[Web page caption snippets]
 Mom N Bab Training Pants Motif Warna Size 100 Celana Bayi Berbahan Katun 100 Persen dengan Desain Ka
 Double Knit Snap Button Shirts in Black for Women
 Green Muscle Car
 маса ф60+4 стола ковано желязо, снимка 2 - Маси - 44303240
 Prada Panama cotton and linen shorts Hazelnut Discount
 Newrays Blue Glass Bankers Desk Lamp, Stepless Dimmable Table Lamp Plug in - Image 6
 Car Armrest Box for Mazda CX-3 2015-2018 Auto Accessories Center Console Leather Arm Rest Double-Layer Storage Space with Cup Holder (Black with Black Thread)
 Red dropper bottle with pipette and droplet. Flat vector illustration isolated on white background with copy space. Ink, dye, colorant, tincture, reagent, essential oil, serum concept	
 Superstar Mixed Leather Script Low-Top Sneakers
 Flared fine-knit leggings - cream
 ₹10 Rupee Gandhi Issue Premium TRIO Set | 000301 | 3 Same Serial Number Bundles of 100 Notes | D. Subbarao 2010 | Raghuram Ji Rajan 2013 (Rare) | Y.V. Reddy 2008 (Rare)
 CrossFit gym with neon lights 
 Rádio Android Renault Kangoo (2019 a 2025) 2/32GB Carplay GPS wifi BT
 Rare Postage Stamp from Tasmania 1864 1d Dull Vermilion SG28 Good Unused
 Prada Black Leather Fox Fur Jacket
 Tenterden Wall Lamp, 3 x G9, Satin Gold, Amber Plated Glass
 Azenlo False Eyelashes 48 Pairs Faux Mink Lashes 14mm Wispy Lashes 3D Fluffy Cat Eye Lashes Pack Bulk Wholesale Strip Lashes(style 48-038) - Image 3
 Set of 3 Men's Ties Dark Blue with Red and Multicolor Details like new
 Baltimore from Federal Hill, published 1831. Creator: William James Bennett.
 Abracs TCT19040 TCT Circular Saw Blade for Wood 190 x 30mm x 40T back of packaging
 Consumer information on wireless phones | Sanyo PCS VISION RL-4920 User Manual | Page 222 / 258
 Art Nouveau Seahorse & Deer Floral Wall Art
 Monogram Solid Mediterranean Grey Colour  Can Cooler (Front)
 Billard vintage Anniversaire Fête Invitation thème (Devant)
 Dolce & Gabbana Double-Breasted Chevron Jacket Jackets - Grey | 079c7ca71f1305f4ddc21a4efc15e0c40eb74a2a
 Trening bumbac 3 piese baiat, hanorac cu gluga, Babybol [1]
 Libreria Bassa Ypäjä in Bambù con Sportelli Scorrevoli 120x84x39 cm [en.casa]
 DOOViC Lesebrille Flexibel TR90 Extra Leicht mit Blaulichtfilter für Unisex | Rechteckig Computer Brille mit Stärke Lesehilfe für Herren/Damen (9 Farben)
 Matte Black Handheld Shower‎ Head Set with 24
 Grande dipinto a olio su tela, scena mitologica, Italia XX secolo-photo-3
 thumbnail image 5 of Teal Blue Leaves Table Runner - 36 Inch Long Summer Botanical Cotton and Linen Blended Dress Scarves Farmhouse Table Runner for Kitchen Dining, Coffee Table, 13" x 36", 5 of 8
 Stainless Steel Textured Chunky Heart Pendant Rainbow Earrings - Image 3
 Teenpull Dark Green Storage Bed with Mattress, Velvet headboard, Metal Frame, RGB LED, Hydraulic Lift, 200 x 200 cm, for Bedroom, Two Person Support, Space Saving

* Exercise requirements:
Would you transcribe all of the data, keeping each line exact?

* Answer space:
 Mom N Bab Training Pants Motif Warna Size 100 Celana Bayi Berbahan Katun 100 Persen dengan Desain Ka
 Double Knit Snap Button Shirts in Black for Women
 Green Muscle Car
 маса ф60+4 стола ковано желязо, снимка 2 - Маси - 44303240
 Prada Panama cotton and linen shorts Hazelnut Discount
 Newrays Blue Glass Bankers Desk Lamp, Stepless Dimmable Table Lamp Plug in - Image 6
 Car Armrest Box for Mazda CX-3 2015-2018 Auto Accessories Center Console Leather Arm Rest Double-Layer Storage Space with Cup Holder (Black with Black Thread)
 Red dropper bottle with pipette and droplet. Flat vector illustration isolated on white background with copy space. Ink, dye, colorant, tincture, reagent, essential oil, serum concept	
 Superstar Mixed Leather Script Low-Top Sneakers
 Flared fine-knit leggings - cream
 ₹10 Rupee Gandhi Issue Premium TRIO Set | 000301 | 3 Same Serial Number Bundles of 100 Notes | D. Subbarao 2010 | Raghuram Ji Rajan 2013 (Rare) | Y.V. Reddy 2008 (Rare)
 CrossFit gym with neon lights 
 Rádio Android Renault Kangoo (2019 a 2025) 2/32GB Carplay GPS wifi BT
 Rare Postage Stamp from Tasmania 1864 1d Dull Vermilion SG28 Good Unused
 Prada Black Leather Fox Fur Jacket
 Tenterden Wall Lamp, 3 x G9, Satin Gold, Amber Plated Glass
 Azenlo False Eyelashes 48 Pairs Faux Mink Lashes 14mm Wispy Lashes 3D Fluffy Cat Eye Lashes Pack Bulk Wholesale Strip Lashes(style 48-038) - Image 3
 Set of 3 Men's Ties Dark Blue with Red and Multicolor Details like new
 Baltimore from Federal Hill, published 1831. Creator: William James Bennett.
 Abracs TCT19040 TCT Circular Saw Blade for Wood 190 x 30mm x 40T back of packaging
 Consumer information on wireless phones | Sanyo PCS VISION RL-4920 User Manual | Page 222 / 258
 Art Nouveau Seahorse & Deer Floral Wall Art
 Monogram Solid Mediterranean Grey Colour  Can Cooler (Front)
 Billard vintage Anniversaire Fête Invitation thème (Devant)
 Dolce & Gabbana Double-Breasted Chevron Jacket Jackets - Grey | 079c7ca71f1305f4ddc21a4efc15e0c40eb74a2a
 Trening bumbac 3 piese baiat, hanorac cu gluga, Babybol [1]
 Libreria Bassa Ypäjä in Bambù con Sportelli Scorrevoli 120x84x39 cm [en.casa]
 DOOViC Lesebrille Flexibel TR90 Extra Leicht mit Blaulichtfilter für Unisex | Rechteckig Computer Brille mit Stärke Lesehilfe für Herren/Damen (9 Farben)
 Matte Black Handheld Shower‎ Head Set with 24
 Grande dipinto a olio su tela, scena mitologica, Italia XX secolo-photo-3
 thumbnail image 5 of Teal Blue Leaves Table Runner - 36 Inch Long Summer Botanical Cotton and Linen Blended Dress Scarves Farmhouse Table Runner for Kitchen Dining, Coffee Table, 13" x 36", 5 of 8
 Stainless Steel Textured Chunky Heart Pendant Rainbow Earrings - Image 3
 Teenpull Dark Green Storage Bed with Mattress, Velvet headboard, Metal Frame, RGB LED, Hydraulic Lift, 200 x 200 cm, for Bedroom, Two Person Support, Space Saving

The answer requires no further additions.